BAPTISM as an ORDINANCE of the Church
Question for Consideration - Is water baptism an "ordinance of the church" ?
For Roman Catholics and others, baptism is one of several "sacraments".
(Please click on sacramentalism for that discussion).
Many protestant churches, having broken away from the Church of Rome in the "Protestant Reformation" abolished some of the practices and tenets of Catholicism, but they retained more than they ought to have retained. Many Protestant churches therefore have two "ordinances" rather than Rome's seven "sacraments". Most Protestants would argue that "ordinances" are not the same as "sacraments" in their meaning nor, many times, in their observance, yet these "ordinances" seem to be merely vestiges of the old which remain deeply embedded in Protestant thinking as the two specific things that the Church is commanded to do (the other being the Lord's Supper - we highly recommend that you view that link in conjunction with this study as the two go hand-in-hand). It seems a bit odd that there are so many things that Christians (the church) are instructed to do in the New Testament, yet these two rituals rise to special significance (to the level of "religious ceremony") - and we at BibleTruthForToday question whether that is Scriptural. When asked why Baptism is an "ordinance" of the church, those that have any idea at all will likely respond along the lines that (1) Jesus did it and (2) it is commanded in the Great Commission. While both of those statements are true, is it not also true that Jesus did many things other than being baptized, and does not the Great Commission encompass more than just a command to baptize? Are not the other things at least at par with these two things? The "Great Commission" in fact contains several commands. According to Matthew 28:19-20: "Make disciples of all nations" is the primary command (and objective) of the "Great Commission". Associated with that primary command are these related activities: "baptizing them" (that is, the disciples that are "made") and "teaching them to observe all things that I have commanded you".
Some of the key points are as follows:
(1) Water baptism as an "ordinance of the church" seems to us to be a carryover from the "sacraments" of the Church of Rome, although infused with different significance.

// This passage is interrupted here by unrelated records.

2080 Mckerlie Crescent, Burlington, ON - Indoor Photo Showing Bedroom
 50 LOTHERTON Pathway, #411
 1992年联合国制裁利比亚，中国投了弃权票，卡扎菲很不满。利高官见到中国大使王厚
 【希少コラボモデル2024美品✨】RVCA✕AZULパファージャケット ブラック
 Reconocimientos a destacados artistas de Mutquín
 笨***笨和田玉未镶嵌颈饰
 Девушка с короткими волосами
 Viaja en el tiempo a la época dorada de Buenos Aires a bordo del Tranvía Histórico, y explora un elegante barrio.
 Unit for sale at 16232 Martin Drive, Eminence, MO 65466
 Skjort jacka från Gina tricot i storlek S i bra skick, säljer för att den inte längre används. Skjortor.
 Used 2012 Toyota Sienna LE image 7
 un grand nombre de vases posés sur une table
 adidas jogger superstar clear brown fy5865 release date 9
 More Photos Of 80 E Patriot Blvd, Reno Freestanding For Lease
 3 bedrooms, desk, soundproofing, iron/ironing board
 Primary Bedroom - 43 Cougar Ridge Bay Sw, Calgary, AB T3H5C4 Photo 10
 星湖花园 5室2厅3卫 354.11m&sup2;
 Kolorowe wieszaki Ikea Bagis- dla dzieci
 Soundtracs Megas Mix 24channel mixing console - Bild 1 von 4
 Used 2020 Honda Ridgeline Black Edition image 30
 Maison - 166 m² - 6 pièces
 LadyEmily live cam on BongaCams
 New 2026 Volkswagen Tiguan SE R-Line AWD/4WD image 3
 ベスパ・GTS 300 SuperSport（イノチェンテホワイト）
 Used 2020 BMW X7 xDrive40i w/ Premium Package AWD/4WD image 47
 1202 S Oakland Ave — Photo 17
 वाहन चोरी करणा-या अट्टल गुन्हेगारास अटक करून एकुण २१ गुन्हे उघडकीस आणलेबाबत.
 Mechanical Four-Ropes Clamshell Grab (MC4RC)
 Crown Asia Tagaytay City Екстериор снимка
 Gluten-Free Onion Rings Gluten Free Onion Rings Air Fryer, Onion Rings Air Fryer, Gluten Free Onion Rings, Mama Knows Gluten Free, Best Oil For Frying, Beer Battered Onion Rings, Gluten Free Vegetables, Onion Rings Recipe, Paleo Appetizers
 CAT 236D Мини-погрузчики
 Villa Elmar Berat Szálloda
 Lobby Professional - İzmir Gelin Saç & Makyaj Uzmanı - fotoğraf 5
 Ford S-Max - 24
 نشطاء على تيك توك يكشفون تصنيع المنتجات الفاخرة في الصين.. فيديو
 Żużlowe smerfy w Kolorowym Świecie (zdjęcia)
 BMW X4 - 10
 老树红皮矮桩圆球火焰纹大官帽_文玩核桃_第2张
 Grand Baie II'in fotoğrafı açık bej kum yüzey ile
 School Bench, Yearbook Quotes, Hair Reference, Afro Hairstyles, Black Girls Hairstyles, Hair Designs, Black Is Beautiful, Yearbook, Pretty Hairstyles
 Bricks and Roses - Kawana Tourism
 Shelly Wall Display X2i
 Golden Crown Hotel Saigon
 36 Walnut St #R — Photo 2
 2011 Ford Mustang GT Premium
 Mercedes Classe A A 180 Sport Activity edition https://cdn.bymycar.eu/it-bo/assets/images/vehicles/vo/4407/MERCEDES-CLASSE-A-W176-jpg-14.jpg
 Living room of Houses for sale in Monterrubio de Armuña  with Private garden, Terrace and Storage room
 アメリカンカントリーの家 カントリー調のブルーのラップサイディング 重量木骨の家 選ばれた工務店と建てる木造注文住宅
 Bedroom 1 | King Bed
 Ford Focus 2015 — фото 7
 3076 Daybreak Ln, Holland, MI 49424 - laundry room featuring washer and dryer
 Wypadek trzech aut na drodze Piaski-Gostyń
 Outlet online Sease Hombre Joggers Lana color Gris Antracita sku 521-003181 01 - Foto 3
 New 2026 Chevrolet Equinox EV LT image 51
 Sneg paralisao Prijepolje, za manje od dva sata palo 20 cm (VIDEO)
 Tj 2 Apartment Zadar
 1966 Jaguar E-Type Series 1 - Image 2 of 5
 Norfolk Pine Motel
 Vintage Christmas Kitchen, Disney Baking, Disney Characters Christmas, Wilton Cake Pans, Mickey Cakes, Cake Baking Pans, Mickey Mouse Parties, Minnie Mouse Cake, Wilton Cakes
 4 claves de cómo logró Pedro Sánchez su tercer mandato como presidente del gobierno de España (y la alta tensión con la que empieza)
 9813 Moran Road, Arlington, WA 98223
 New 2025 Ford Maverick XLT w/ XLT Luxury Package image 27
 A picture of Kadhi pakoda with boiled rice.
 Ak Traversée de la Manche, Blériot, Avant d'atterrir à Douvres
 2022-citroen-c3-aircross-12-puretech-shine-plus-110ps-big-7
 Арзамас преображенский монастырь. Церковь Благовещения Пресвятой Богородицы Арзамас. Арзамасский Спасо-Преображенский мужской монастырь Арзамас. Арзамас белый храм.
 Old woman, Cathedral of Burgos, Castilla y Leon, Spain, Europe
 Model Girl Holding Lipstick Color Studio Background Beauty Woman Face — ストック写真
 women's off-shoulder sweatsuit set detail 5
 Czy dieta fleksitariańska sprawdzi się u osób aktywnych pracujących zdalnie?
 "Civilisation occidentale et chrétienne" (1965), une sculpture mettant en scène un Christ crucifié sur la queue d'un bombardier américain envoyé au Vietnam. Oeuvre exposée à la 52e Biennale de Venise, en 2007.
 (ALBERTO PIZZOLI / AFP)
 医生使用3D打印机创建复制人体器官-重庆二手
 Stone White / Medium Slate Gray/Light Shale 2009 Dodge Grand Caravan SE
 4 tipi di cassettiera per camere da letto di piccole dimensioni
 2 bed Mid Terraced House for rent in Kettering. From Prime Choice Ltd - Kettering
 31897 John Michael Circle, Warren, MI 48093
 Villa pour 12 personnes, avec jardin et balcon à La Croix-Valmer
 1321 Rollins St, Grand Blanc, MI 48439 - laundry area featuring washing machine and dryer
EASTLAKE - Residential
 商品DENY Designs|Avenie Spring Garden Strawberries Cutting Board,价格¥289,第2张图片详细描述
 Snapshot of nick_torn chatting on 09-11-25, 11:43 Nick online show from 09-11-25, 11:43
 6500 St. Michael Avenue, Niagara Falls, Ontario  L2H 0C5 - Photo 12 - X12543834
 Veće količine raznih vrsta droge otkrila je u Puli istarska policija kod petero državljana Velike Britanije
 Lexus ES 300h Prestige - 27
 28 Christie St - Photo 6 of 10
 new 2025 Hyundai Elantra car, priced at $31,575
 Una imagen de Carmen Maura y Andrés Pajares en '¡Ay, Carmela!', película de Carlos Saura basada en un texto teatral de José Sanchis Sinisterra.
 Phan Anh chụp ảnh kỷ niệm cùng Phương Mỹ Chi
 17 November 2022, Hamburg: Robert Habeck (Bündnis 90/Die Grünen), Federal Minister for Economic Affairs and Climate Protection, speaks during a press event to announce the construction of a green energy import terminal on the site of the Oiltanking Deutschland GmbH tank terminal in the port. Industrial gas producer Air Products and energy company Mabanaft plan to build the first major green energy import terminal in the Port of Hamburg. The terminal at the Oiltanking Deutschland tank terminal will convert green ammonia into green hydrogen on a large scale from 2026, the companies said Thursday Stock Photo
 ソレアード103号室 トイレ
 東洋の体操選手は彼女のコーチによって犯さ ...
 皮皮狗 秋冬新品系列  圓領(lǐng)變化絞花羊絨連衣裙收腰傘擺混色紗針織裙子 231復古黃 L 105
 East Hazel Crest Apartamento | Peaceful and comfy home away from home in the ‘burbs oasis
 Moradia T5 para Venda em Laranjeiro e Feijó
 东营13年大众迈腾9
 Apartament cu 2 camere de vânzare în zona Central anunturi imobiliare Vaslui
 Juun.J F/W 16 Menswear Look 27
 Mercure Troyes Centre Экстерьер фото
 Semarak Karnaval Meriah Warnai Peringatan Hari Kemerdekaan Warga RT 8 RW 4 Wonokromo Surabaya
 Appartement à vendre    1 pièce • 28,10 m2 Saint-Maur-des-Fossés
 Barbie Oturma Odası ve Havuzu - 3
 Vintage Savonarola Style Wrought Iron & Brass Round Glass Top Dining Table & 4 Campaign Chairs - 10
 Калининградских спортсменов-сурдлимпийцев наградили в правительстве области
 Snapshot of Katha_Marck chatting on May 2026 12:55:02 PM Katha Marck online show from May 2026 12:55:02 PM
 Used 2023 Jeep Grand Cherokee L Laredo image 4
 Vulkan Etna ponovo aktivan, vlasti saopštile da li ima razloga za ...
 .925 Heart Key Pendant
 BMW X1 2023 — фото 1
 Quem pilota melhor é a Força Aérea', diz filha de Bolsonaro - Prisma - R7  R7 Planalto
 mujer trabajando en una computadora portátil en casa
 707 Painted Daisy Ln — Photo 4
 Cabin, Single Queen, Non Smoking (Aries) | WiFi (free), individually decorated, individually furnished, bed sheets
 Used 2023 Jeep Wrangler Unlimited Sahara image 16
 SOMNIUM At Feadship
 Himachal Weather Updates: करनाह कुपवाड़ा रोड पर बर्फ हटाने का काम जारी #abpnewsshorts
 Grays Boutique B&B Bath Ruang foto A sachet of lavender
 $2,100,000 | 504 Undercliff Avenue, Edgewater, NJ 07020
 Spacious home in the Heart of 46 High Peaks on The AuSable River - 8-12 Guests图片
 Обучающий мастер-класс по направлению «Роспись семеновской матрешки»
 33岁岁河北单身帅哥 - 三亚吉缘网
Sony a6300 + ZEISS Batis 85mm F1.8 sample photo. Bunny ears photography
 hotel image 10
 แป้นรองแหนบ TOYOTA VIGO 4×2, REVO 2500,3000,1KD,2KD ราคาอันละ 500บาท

(2) The meaning associated with baptism in the Church of Rome was not lost in the Protestant Reformation - for many it continues to be a means to administer God's grace and, for some, salvation itself is in the act of water baptism (see Baptismal Salvation).
(3) For many people, there is a correlation between the rite of circumcision in the Old Testament and the water baptism of the New Testament - we disagree with this conclusion and have discussed that on various pages on this site, including the page on infant baptism.
(4) There are many things other than baptism that are to be part of the Christian life that are no less important to the Christian life than baptism - which makes us question why baptism should be elevated to a special status as an "ordinance".
Additional consideration - the level of attention given to water baptism - the form, the ceremony, the timing, the appropriate age, who should be invited to attend, what gift should be given to the person who is baptized, etc. takes attention away from a significant Bible truth which is (hopefully) very clear from the following Scriptures:
Matthew 3:11 "I indeed baptize you with water unto repentance, but He who is coming after me is mightier than I, whose sandals I am not worthy to carry. He will baptize you with the Holy Spirit and fire."
Mark 1:8 "I indeed baptized you with water, but He will baptize you with the Holy Spirit.”
Luke 3:16 "John answered, saying to all, “I indeed baptize you with water; but One mightier than I is coming, whose sandal strap I am not worthy to loose. He will baptize you with the Holy Spirit and fire."
John 1:33 "I did not know Him, but He who sent me to baptize with water said to me, ‘Upon whom you see the Spirit descending, and remaining on Him, this is He who baptizes with the Holy Spirit'."
Acts 1:5 "for John truly baptized with water, but you shall be baptized with the Holy Spirit not many days from now.”
Acts 11:16 "Then I remembered the word of the Lord, how He said, ‘John indeed baptized with water, but you shall be baptized with the Holy Spirit'."
The important baptism is NOT the baptism of water, but that of the Holy Spirit. To make water baptism an ordinance of the church is to relegate it to a religious ceremony. On the other hand, "Spirit baptism" CANNOT be an ordinance of the church because only God can do that! Yet water baptism becomes a "test" of whether a person is a Christian or not, whether a person can be part of a local fellowship of believers or not, whether a person is "eligible" to participate in the "Lord's Supper" or not, and so on.